Friday News: Is Facebook tracking you, diverse emojis on iOS, Toni Morrison profile, and Key and Peele’s Game of Throne’s recap
Facebook says it tracked people who didn’t use Facebook because of ‘a bug’ – Oh, look, Facebook may be violating your privacy again, even if you don’t USE Facebook. I know people think Amazon is taking over the world, but really, Facebook may already have it locked down.

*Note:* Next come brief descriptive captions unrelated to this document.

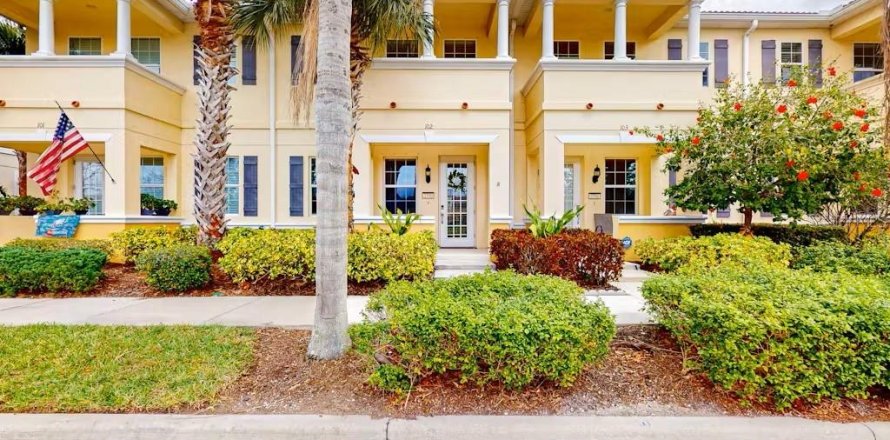 Townhouse in Sarasota, Florida 3 bedrooms, 154.31 sq.m. № 1871213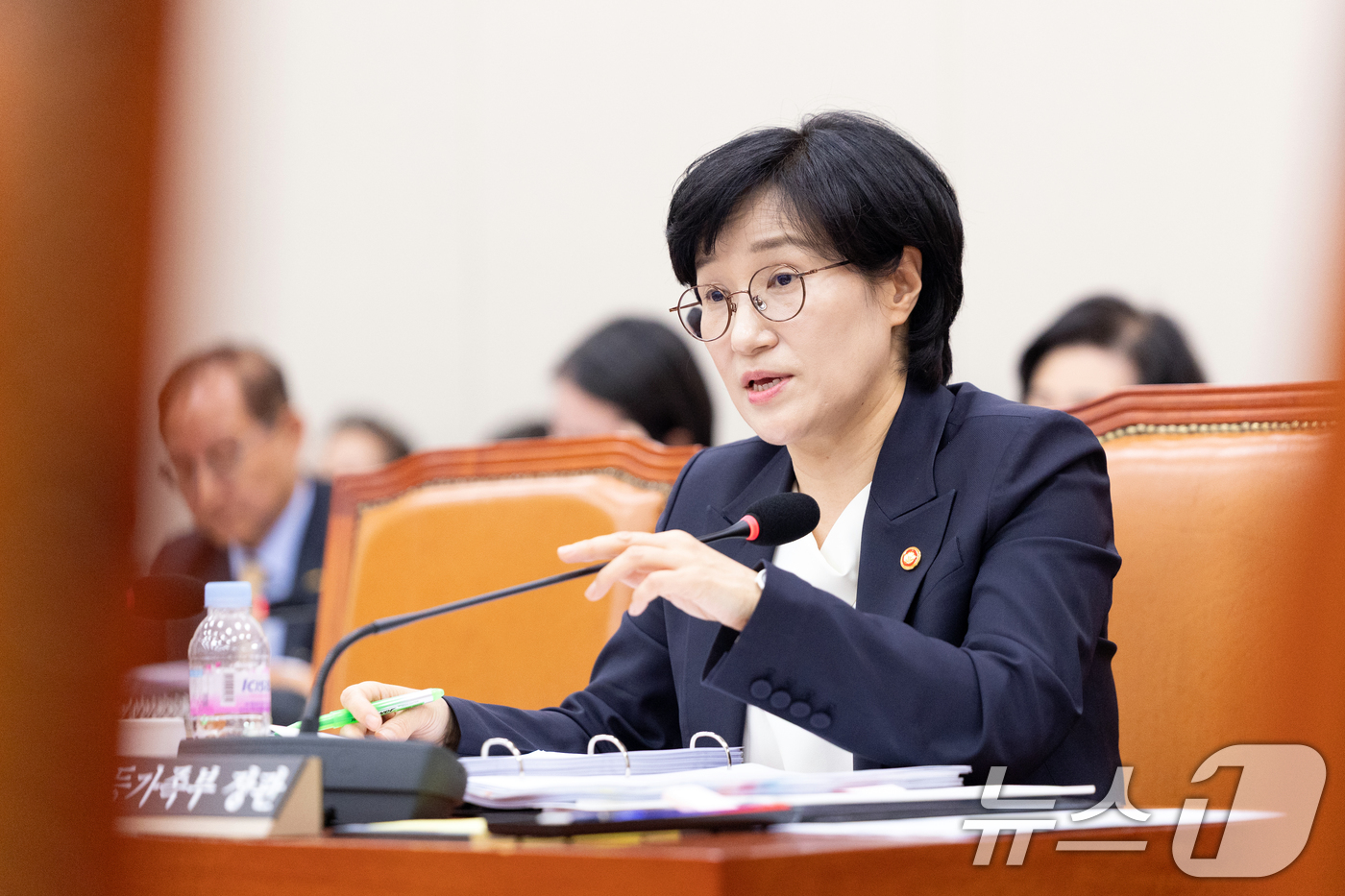 (서울=뉴스1) 이승배 기자 = 원민경 성평등가족부 장관이 4일 서울 여의도 국회에서 열린 성평등가족위원회 성평등가족부 등에 대한 국정감사에 출석해 의원 질의에 답변하고 있다. 2 …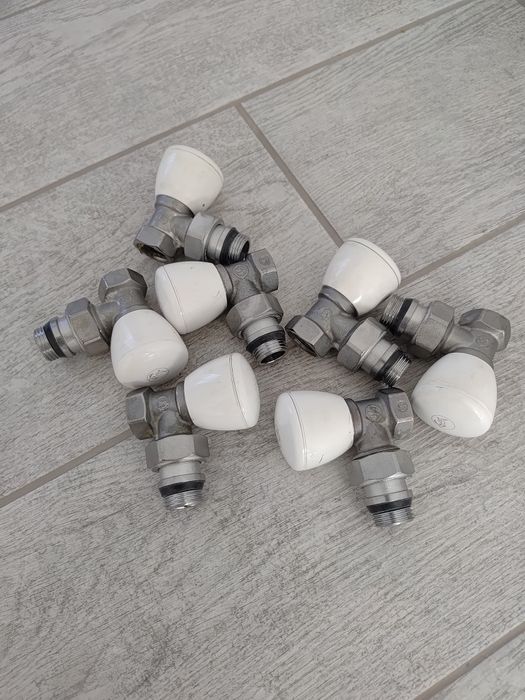 Крани радіторні 1/2 GIACOMINI  є 7 шт.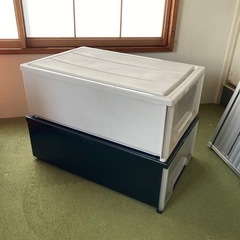 衣装ケースの画像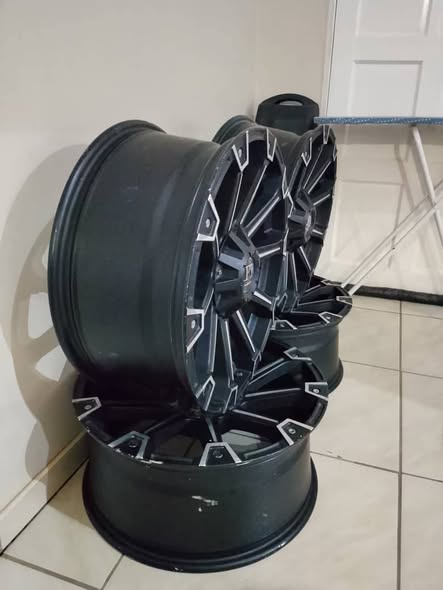 20" Toyota or Ford Ranger Rims photo 4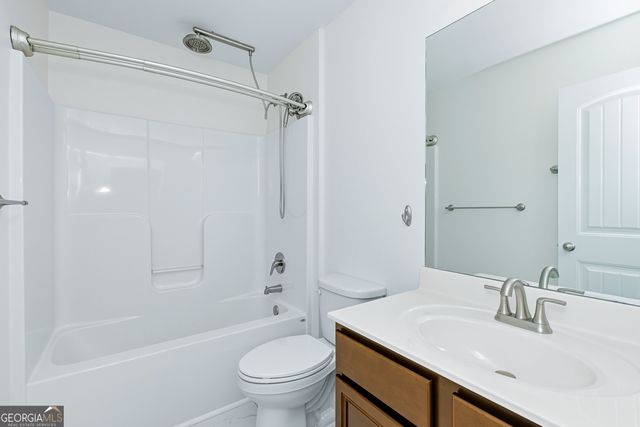 4804 SW Turtle Cove, Gainesville, GA 30504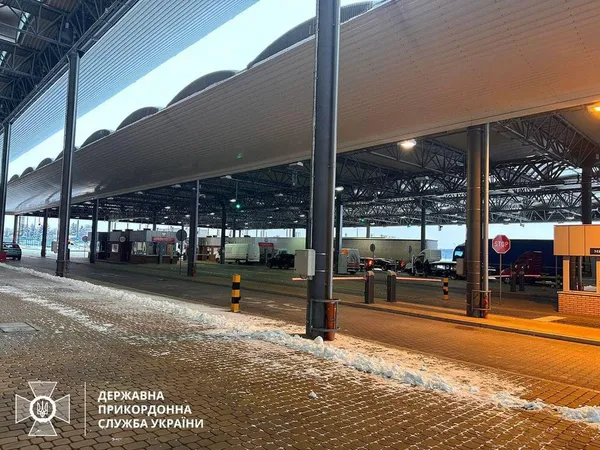 У пункті пропуску «Угринів-Долгобичув» розпочали оформлення великовагових вантажівок (фото)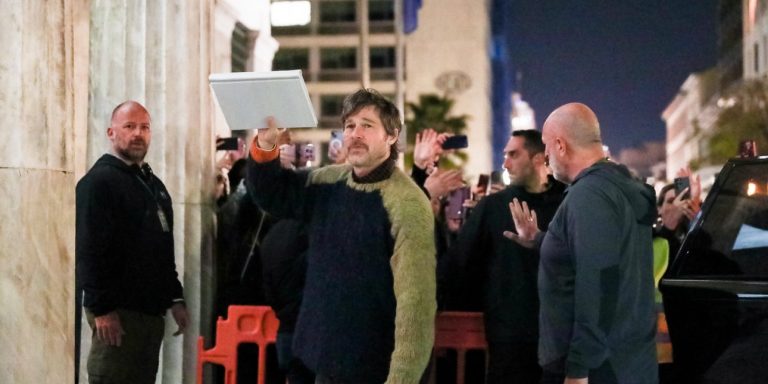 Ο Έλληνας ηθοποιός που κάνει γυρίσματα με τον Μπραντ Πιτ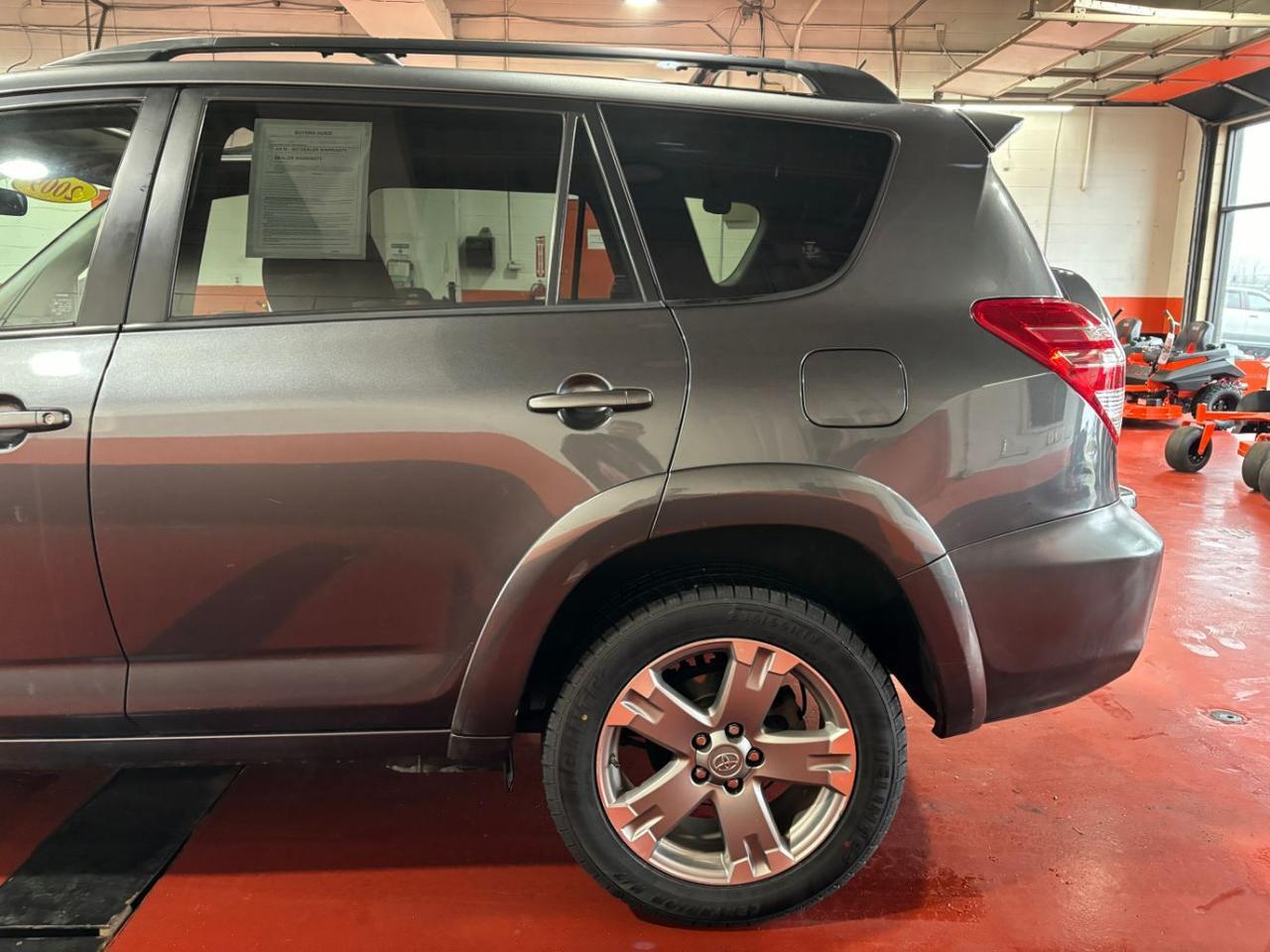 2009 Toyota RAV4 Sport I4 4WD Franklin OH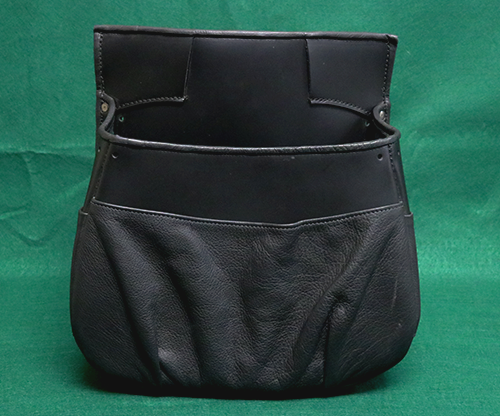 65017-full BUSKER POUCH by The Ambitious Card - Trick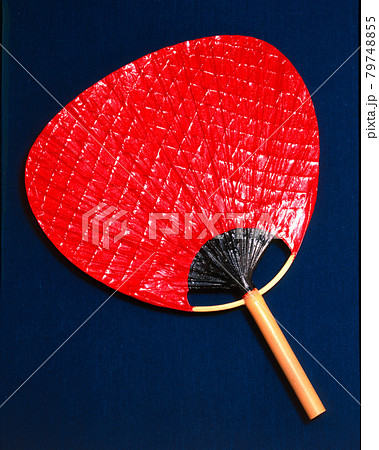 赤いうちわ 79748855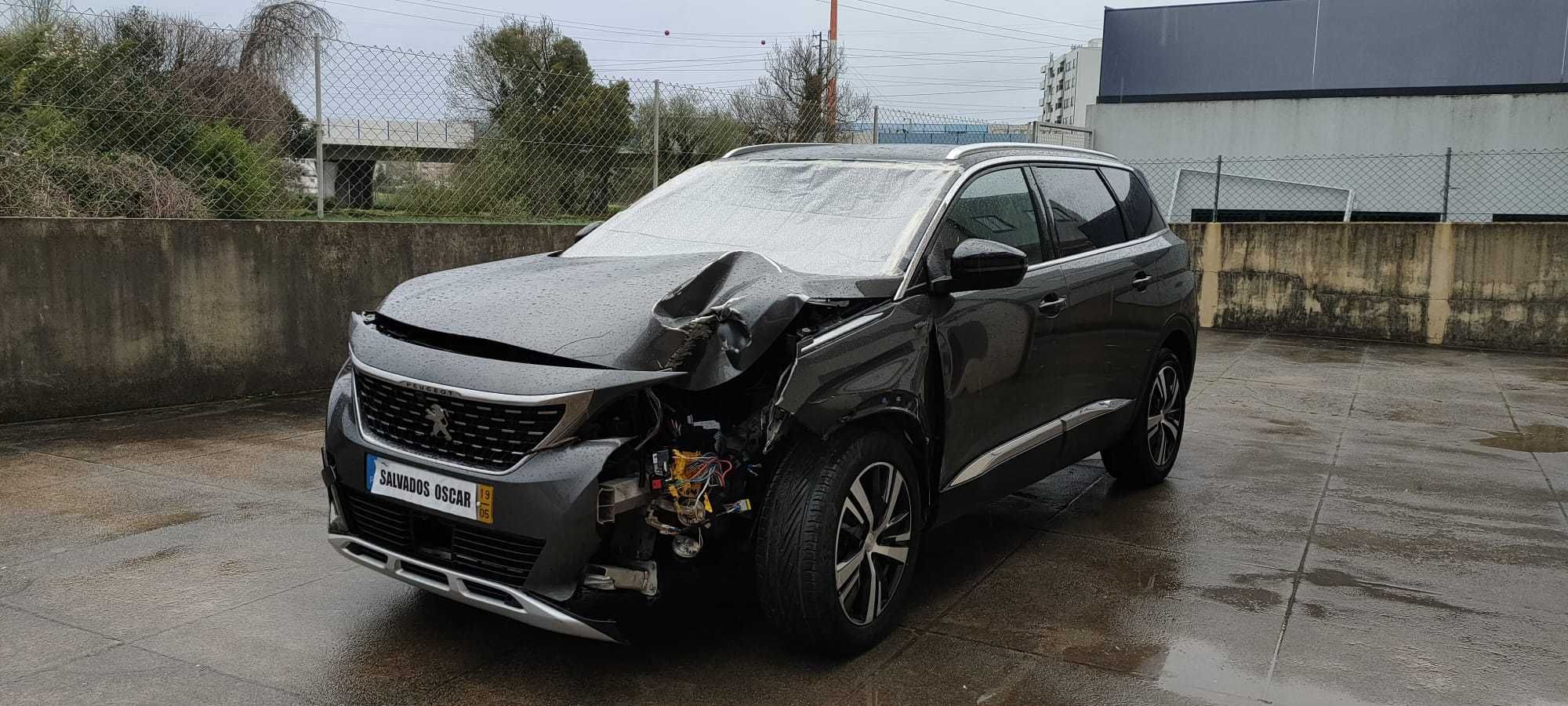 PEUGEOT 5008 II 1.5 BlueHDi Diesel 7 LUGARES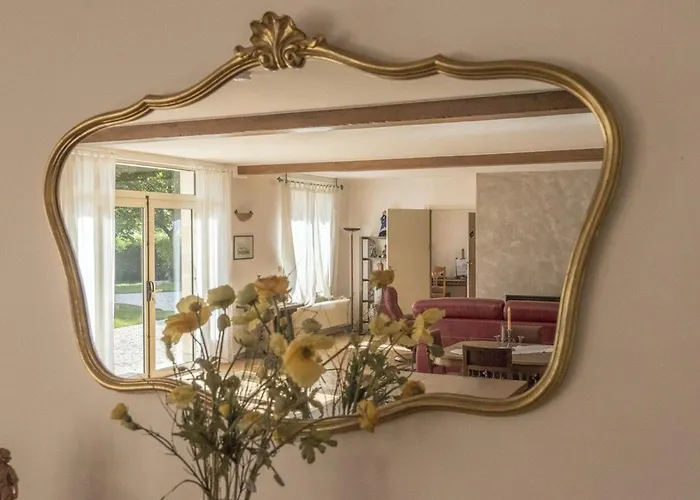 Hébergement de vacances Pour 12 Face Au Château De Avec Jardin, Cheminée Et équipements Pmr - Fr-1-585-38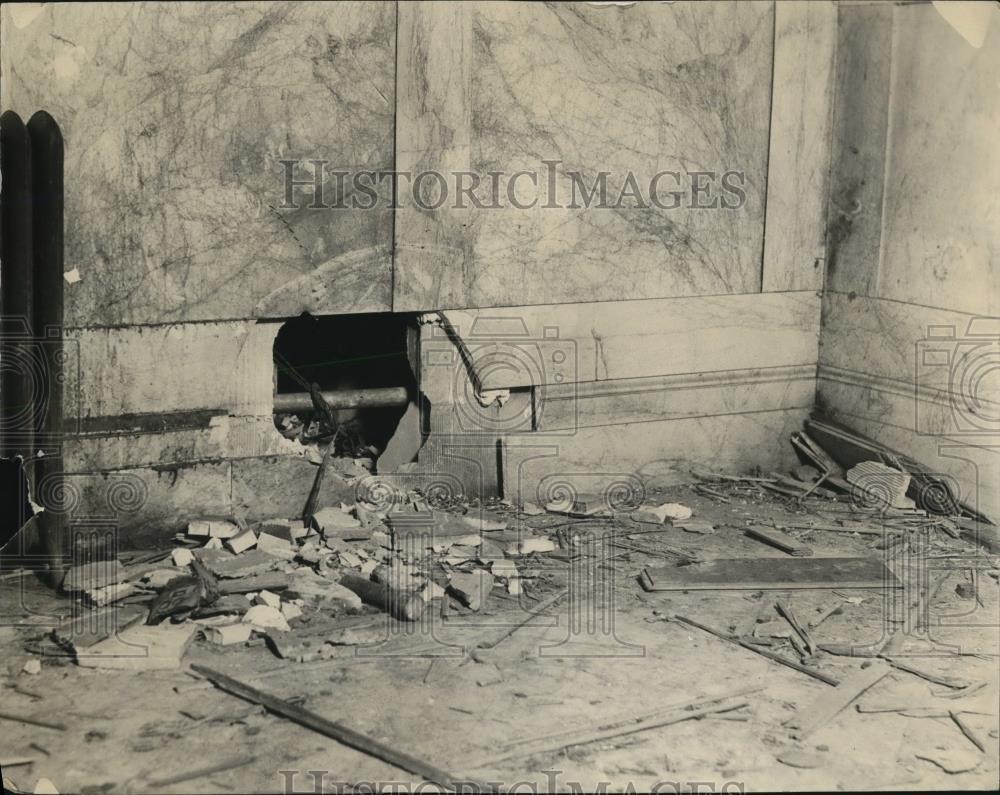 1925 Press Photo Explosion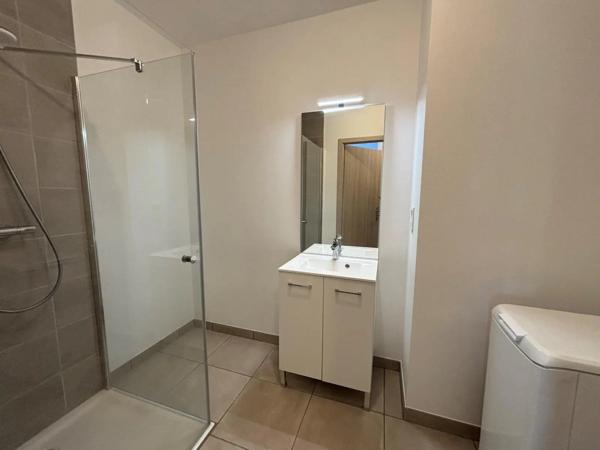 Appartement à louer 3 pièces 56.69m²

The report, from the independent Belgian Privacy Commission, made several accusations about Facebook, suggesting the company had made it impossible for some users to truly opt out of tracking, or tracked users who had never even used Facebook — essentially, the report argues, keeping consumers from making their own decisions about their data. The problems identified could have implications for how the company operates in the EU, but Facebook’s responses seem mostly to be a matter of semantics. –The Verge
Racially diverse emojis have finally arrived! – Actually, it’s not just racially diverse emojis, but all sorts of diversifying emojis, 300 total, including flags and same-sex families, all available in iOS 8.3
(Don’t know how to access your emojis? It’s easy: On your iPhone, go to Settings, General, Keyboards, Add New Keyboard and add Emoji. Then, when you go to your keyboard to type a text, tap the little globe in the left corner. Voila!) –USA Today
The Radical Vision of Toni Morrison – A very interesting and comprehensive profile of Toni Morrison that contemplates her personal and professional history, as well her complex relationship to the literatures of America, which Morrison has helped forge, but has also resisted and pushed against. On the white literary establishment, Rachel, Kaadzi, Ghansah writes,
This is a problem even for Morrison. She is often discussed in terms of her audience, the older black women who fan themselves with her book covers at her readings, the teenage girls who sigh on buses and trains while reading “Sula” for class, the young male rappers who have interpolated lines from “The Bluest Eye” into their songs. It is this audience that her critics dismiss derisively, suggesting that Morrison panders to them, with long, poetic sentences and stories about broken black women. It is also true that a sizable portion of her audience simply looks like her, in a world where black Americans, and people of color in general, are still perceived to be nonreaders. But of course Morrison, rather than feeling marginalized or slighted by that criticism, takes delight in it. In an interview for The Paris Review, she said: “I would like to write novels that were unmistakably mine but nevertheless fit first into African-American traditions and, second of all, this whole thing called literature.” She added: “It’s very important to me that my work be African-American. If it assimilates into a different or larger pool, so much the better. But I shouldn’t be asked to do that. Joyce is not asked to do that. Tolstoy is not. I mean, they can all be Russian, French, Irish or Catholic, they write out of where they come from, and I do too.” It is a reply that stumps her interviewer. First African-American, she asks her, as if Morrison had stuttered. Yes, Morrison replies. Rather than the whole of literature she asks. “Oh, yes,” Morrison replies.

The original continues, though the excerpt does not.